Correspondence between Leni Yahil and Hannah Arendt

The letters between the Holocaust historian Leni Yahil and Hannah Arendt were just translated into English. They reveal yet another friend that Arendt lost in her coverage of the Eichmann trial. There are a numbers of gems in the letters- here is one.

Arendt saw the State of Israel and Golda Meir as having what Heine called an idolatrous version of monotheism in which the state represents God, rather than recognizing that every person is in the image of God. (Chief Rabbi Sacks quotes this line of Heine in several places.)

What terrifies me is simply that this people, which when all is said and done has after all believed for several thousand years in the God of justice, is starting now to cling to what in its religion Heine rightly called the unhealthy faith of ancient Egypt, because it helps them “believe in the Jewish People,² in other words, in itself. And this, if I may say so, is real idol worship. However pleasant the idol worshipers may be, as your friend[Golda Meir] is and was.

Yahil responds to the charge, yet still acknowledges the problems of justice in the new state.
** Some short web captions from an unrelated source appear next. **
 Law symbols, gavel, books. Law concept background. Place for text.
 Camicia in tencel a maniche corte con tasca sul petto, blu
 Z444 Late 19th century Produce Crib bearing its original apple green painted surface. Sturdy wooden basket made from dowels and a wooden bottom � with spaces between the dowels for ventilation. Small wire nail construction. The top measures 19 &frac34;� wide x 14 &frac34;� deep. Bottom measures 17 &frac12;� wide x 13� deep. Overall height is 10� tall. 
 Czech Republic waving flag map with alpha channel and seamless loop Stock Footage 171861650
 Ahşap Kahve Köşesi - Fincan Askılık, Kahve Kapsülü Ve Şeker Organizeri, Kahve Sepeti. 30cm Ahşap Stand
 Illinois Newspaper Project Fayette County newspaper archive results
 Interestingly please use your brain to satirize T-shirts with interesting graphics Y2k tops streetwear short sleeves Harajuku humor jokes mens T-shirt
1) It is the nature of idol worship – if I am not mistaken in my view – for man to project externally certain spiritual-mental realities [gegebene geistig-seelische Realitäten] which exist in him and in doing so make them absolute, in order in this way, as you also say, to achieve the desired self-affirmation. In this fashion the idol worshipper increases his self-confidence to the extent that he feels necessary in order to ensure that his actions will succeed (the “blessing of the gods”). It is precisely this undertaking that is taken ad absurdum in the famous scene between Elijah and the priests of Baal (I Kings 18). Just as the next chapter portrays the real relationship between the one that you call the “God of Justice” and man.

2) The danger of such idol worship exists on every level of human ideas. In our modern world, it is no less present in any “belief in the Jewish People” than, say, the postulate of abstract, intellectual or material values. This in no way detracts from the reality-based content and legitimacy of each of them, as long as they are not “idolized.” In other words, the decisive thing is not the “what,” but the “how” (see also the example of Elijah: the two bullocks which are sacrificed are exactly the same; in one case we have idolatry [Götzendienst], in the other case divine worship [Gottesdienst]).
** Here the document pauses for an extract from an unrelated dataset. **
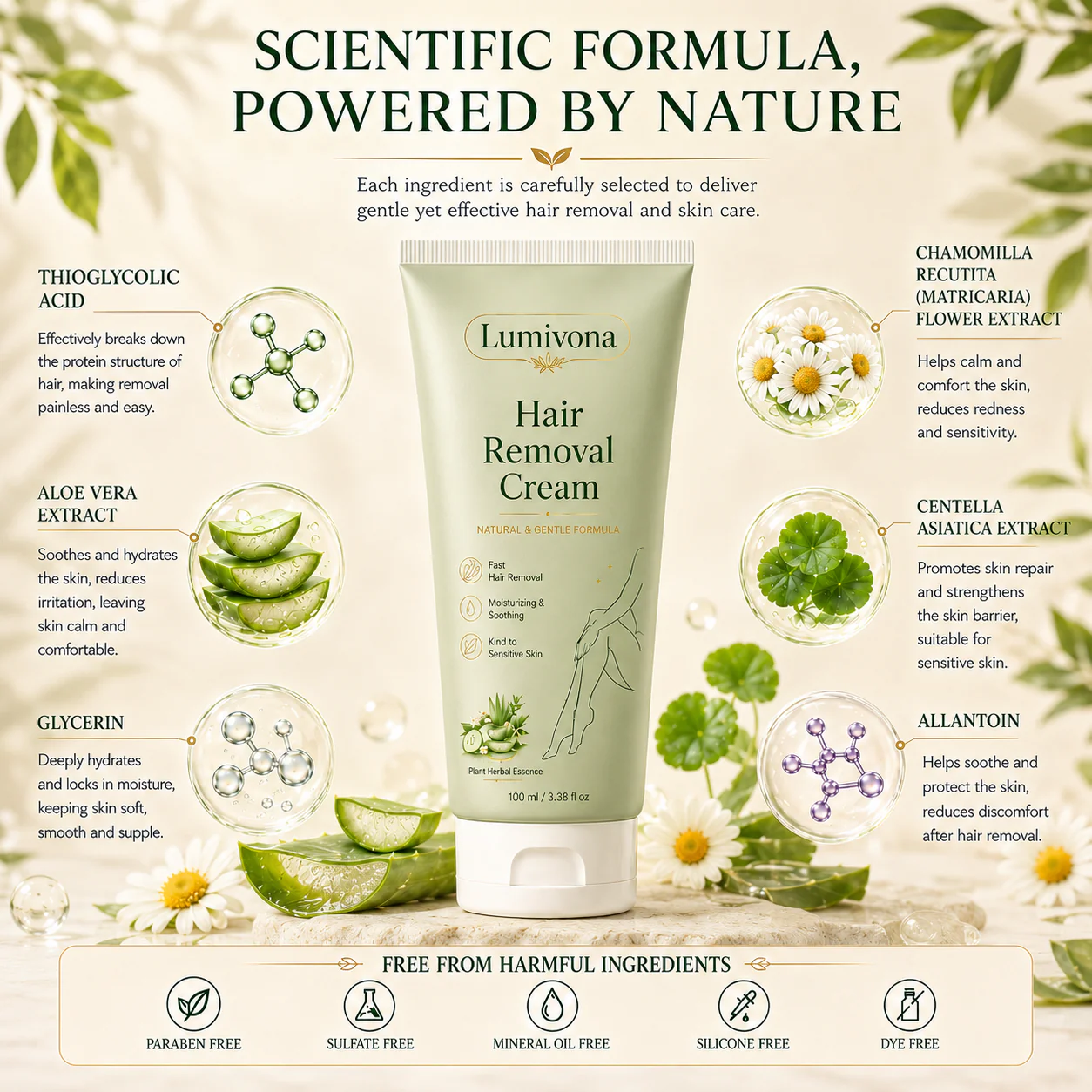 Natural Gentle Sensitive Skin Hair Removal Cream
3) If there is a single person (among those whom I know in this category) who does not cross this boundary, it is this very woman [Golda Meir] to whom you referred as my friend, a term I would not presume to use. In my opinion it is precisely this fact – the ability not to exceed the area of the powers laid down for an individual in his actions and thoughts – that explains this woman’s special and unvarying effect on people, irrespective of their skin color, culture or intellectuality… The attitude that she defended that evening when she was with us is a direct upshot of her desire not to coin new rules arbitrarily.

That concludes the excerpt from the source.